Without realizing it, Nimbus leaned closer; his empty mug of stew hanging loosely from his fingers, forgotten.
Galwynn said, “The reason they gave me was, ‘Skyfolk can’t be trusted. Each and every one of them is dishonorable, cowardly, and cruel. Everyone knows that. It’s common knowledge.’”
“‘But how could you know that if you weren’t there?’ I asked. ‘You could only have been told so by people who were there during the War. Who might they be? Can you trust their word?’
“‘Of course we can trust them,’ they protested, said Galwynn. ‘They are our veteran men-at-arms! We believe what we believe about the Skyfolk because that is what our comrades told us in every war story they recounted. They are trustworthy men; men we fought back to back with in battle; men who would never mislead a fellow soldier in matters of war.’”
“But that’s not true!” Nimbus snapped. His already highly arched eyebrows peaked with indignation. “Skyfolk are nothing like what they said, Master Galwynn! What those veterans said was just the scurrilous talk of bitter old men.”
Master Galwynn harrumphed. “Do you think? And yet, what the Landfolk said about Skyfolk then, sounds surprisingly similar to what you say the Skyfolk say about Landfolk now. Interesting, is it not?”
Master Galwynn inhaled a deep breath of the cool breeze wafting down the river, and sighed contentedly. In contrast, Aaron Nimbus’s mind was racing, trying to reconcile everything he heard, and everything he thought he knew.
“I think old Vander Hardwicke had me do that assignment,” mused Kevin Galwynn, “to teach me to keep my wits about me even when I’m being told a good yarn, and especially when I’m being told a good yarn by people I trust. And after they tell me their tale, I should ask myself is there a deeper story, a deeper truth, beneath the story they told.”
Aaron did not know what Galwynn’s recollections of his youth had to do with it, but the lieutenant could feel the certainty of his perceptions and beliefs begin to slip. “What deeper ‘truth’ might there be in the Landfolk’s story?” he asked.
“Why I think you know the answer to that already, Lieutenant. You said it yourself, and quite eloquently, if I might add. You said, ‘I think sometimes, wounded spirits heal more slowly than wounded flesh.’ Both sides of the War were wounded by great loss and grief, and their mutual, lingering, bitterness is the scar tissue that remains. I think that is the deeper story, that is the deeper truth, that binds together Landfolk and Skyfolk in a way they cannot yet accept.”
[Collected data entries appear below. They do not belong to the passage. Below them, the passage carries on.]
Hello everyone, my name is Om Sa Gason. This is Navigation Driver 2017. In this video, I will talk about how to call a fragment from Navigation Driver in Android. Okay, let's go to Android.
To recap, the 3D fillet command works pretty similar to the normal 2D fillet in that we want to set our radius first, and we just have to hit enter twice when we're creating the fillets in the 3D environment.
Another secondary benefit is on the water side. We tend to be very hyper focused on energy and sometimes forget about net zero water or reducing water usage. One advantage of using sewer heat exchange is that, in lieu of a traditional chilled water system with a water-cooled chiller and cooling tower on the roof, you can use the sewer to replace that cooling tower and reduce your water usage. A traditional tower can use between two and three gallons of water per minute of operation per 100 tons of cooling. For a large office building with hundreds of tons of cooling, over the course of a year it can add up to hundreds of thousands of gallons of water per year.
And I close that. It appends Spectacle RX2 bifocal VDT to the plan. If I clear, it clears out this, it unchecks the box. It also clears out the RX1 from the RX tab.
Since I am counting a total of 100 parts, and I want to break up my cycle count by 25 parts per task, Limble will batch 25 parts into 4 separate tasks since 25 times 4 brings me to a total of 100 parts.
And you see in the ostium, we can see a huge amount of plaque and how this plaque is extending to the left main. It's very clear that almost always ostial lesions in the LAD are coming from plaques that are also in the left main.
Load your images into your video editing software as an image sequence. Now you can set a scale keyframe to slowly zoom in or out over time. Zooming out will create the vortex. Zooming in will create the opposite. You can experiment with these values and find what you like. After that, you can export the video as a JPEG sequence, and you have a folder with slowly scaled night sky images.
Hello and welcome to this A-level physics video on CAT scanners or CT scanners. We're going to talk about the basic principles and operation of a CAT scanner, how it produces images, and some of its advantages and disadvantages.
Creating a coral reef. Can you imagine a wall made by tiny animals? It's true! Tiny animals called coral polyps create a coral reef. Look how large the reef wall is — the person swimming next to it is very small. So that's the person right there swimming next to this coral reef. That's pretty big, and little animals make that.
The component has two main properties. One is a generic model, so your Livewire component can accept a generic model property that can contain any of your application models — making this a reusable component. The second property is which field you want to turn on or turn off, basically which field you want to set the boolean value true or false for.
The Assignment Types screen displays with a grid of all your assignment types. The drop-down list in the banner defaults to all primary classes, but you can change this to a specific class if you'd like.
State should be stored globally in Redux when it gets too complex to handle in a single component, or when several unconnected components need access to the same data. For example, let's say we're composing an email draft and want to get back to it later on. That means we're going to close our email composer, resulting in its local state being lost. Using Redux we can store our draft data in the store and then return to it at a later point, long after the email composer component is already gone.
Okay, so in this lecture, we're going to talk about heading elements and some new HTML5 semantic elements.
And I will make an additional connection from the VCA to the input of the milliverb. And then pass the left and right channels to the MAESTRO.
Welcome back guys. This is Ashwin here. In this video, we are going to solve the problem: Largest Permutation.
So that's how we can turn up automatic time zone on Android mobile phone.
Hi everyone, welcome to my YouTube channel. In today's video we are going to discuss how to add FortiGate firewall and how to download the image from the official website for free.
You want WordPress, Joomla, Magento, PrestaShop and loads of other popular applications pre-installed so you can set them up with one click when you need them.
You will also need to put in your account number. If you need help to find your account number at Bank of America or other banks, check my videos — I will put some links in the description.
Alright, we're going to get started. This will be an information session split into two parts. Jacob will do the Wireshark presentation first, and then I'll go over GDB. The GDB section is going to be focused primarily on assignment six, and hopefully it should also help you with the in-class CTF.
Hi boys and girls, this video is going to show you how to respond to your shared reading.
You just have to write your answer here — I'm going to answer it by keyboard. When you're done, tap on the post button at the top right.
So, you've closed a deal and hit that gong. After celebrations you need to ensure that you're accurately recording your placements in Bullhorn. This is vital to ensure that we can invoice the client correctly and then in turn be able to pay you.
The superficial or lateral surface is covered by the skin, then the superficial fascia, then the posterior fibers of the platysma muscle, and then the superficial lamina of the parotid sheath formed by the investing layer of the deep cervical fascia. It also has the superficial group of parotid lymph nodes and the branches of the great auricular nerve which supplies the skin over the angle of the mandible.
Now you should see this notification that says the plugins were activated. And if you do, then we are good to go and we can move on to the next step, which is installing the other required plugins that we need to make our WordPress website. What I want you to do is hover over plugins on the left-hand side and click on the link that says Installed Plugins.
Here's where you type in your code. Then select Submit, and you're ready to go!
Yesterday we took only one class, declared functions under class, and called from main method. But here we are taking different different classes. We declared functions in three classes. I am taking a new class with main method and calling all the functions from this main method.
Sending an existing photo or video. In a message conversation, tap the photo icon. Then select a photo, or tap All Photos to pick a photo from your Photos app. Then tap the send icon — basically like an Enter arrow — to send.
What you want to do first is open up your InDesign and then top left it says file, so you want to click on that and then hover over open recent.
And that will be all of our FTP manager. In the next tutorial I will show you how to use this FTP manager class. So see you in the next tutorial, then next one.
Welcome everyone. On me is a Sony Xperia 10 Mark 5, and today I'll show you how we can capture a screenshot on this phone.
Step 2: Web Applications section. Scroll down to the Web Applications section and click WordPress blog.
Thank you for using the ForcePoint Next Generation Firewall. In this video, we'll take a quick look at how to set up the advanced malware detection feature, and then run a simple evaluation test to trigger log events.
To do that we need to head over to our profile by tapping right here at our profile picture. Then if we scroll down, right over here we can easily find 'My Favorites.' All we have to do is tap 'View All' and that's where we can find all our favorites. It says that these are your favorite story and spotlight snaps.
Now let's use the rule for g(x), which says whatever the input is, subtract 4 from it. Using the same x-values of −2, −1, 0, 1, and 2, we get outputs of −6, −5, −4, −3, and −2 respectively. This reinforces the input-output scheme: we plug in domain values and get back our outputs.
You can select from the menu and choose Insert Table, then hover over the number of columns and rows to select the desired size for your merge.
Aaron began to ask, “Are you saying…?” But before Nimbus could finish, the no-nonsense voice of his captain growled, “Up off your lazy bones, troopers! Break camp and make ready to ride!”
In short order, the skyriders were back galloping down the road to Castellanus, and Lt. Nimbus had no doubt they would make the castle before sunset. The only thing he did have doubts about were the scurrilous tales about Landfolk he had heard ever since he was a squire. And yet, Master Galwynn hadn’t ranted or declaimed about whether Landfolk or Skyfolk were dishonorable, cowardly, and cruel. He simply told a story and let the listener come to their own conclusion.
As Lt. Nimbus and the company of skyriders rode toward Castellanus, closely trailed by the odd little Landsman—who by the way, seemed to have gotten the knack of riding a sky-horse with grace—Aaron began to seriously doubt that all humans were callow fools. There were, he suspected, a few Landsmen who were much smarter, and nobler, than they let on.